Spanish MEP Maite Pagazaurtundúa argued there should be a “digital recognition of professional and university degrees” to promote mobility and said a reflection is needed on what being citizens means “in this century”.
“I would like to promote more rights to EU citizenship, but we need to keep cementing those already existing, especially the right of residence. Brexit provided ample evidence of that,” commented at the event Pierre-Yves Le Borgn, president of Europeans Throughout the World, an organisations for EU citizens living abroad.
German MEP Helmut Scholz, from the Left, added that “the cultural understanding” of what being Europeans means is still lacking and the Conference on the Future of Europe offers the opportunity to discuss “the values that brings us together”.
Managing expectations… and outcomes
Meanwhile, the Conference on the Future of Europe is collecting proposals on what the EU should do in the areas of climate change and the environment, health, employment and social affairs, values, democracy, migration, education, the digital transformation and its role in the world throught a digital platform. Participants can see what others propose, comment and endorse ideas.
Working groups and citizens panels, which are expected to involve 200 randomly selected people, should start to operate from the autumn. The final report will be presented during the French presidency of the EU Council, in the first half of 2022.
Richard Corbett, a former UK Labour MEP who is part of the Conference secretariat, said the goal is to “try and build consensus around ideas,” an exercise with “huge potential and huge risks”.

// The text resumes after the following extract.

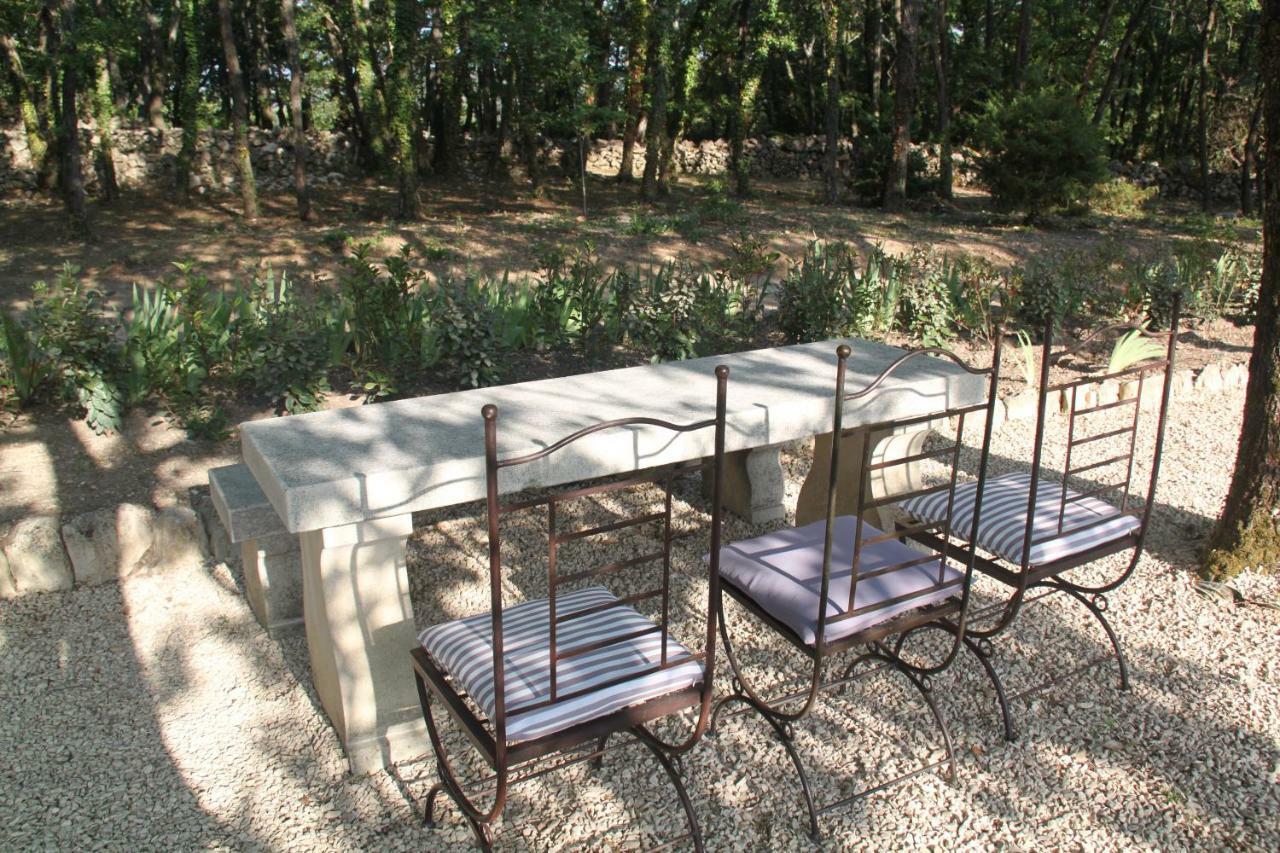 Le Hameau Fleur De Pierres , Chambre , Gite Et Table D'Hotes Murs  Exterior foto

Niccolò Milanese, director of European Alternatives, an organisation promoting democracy beyond the nation-state, said the innovation of the Conference is to involve all European institutions so “no one can turn around and say this is not inside our competencies”.
Milanese said “it can be hard to make yourself heard in the EU” but demonstrations such as those in Bulgaria and Poland last year show “there is a civic energy out there… often coming from people who are excluded or are unable to claim their rights” and “what happens in the Conference is just as important is what happens outside.”